The dataset consists of 5 columns by default but we filter the dataset since we’re only interested in columns v1 and v2. Column v1 contains labels v2 has the corresponding text message. The script also prints the dataset header via the head() method of the Pandas dataframe so we can preview our dataset.

spam_dataset = pd.read_csv(r"C:\Datasets\spam.csv", encoding = 'latin')
spam_dataset = spam_dataset[["v1", "v2"]]
spam_dataset.head()

Output:

dataset header

The v1 column contains labels or categories for the messages in our dataset. Let’s see how the data is distributed for the different categories. The script below prints the count of messages for each category along with a pie chart depicting the distribution.

print(spam_dataset["v1"].value_counts())

spam_dataset.groupby('v1').size().plot(kind='pie',
                                       y = "v1",
                                       label = "Type",
                                       autopct='%1.1f%%')

Output:

dataset distribution

From the above output, you can see that there are 4825 ham messages in our dataset, while the number of spam messages is only 747. The pie chart further highlights the imbalanced nature of our dataset where 86.6% of our records belong to the ham category while only 13.4% of our records are spam.

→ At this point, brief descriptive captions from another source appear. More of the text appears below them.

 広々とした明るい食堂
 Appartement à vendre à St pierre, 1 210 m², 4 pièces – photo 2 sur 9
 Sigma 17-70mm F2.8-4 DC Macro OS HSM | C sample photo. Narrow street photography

Before we show you how to balance this dataset, let’s divide our dataset into two parts: one containing ham messages and the other containing spam messages. Run the script below to do so:

ham_messages = spam_dataset[spam_dataset["v1"] == "ham"]
spam_messages  = spam_dataset[spam_dataset["v1"] == "spam"]
print(ham_messages.shape)
print(spam_messages.shape)

Output:

(4825, 2)
(747, 2)

Code More, Distract Less: Support Our Ad-Free Site

You might have noticed we removed ads from our site - we hope this enhances your learning experience. To help sustain this, please take a look at our Python Developer Kit and our comprehensive cheat sheets. Each purchase directly supports this site, ensuring we can continue to offer you quality, distraction-free tutorials.


Downsampling with sklearn

Downsampling refers to removing records from majority classes in order to create a more balanced dataset. The simplest way of downsampling majority classes is by randomly removing records from that category. Let’s walk through an example.

The script below calls the resample() method from the sklearn.utils module for downsampling the ham class. The dataset containing the ham messages is passed as the first argument to the method. The replace = True attribute performs random resampling with replacement. The n_samples attribute defines the number of records you want to select from the original records. We have set the value of this attribute to the number of records in the spam dataset so the two sets will be balanced.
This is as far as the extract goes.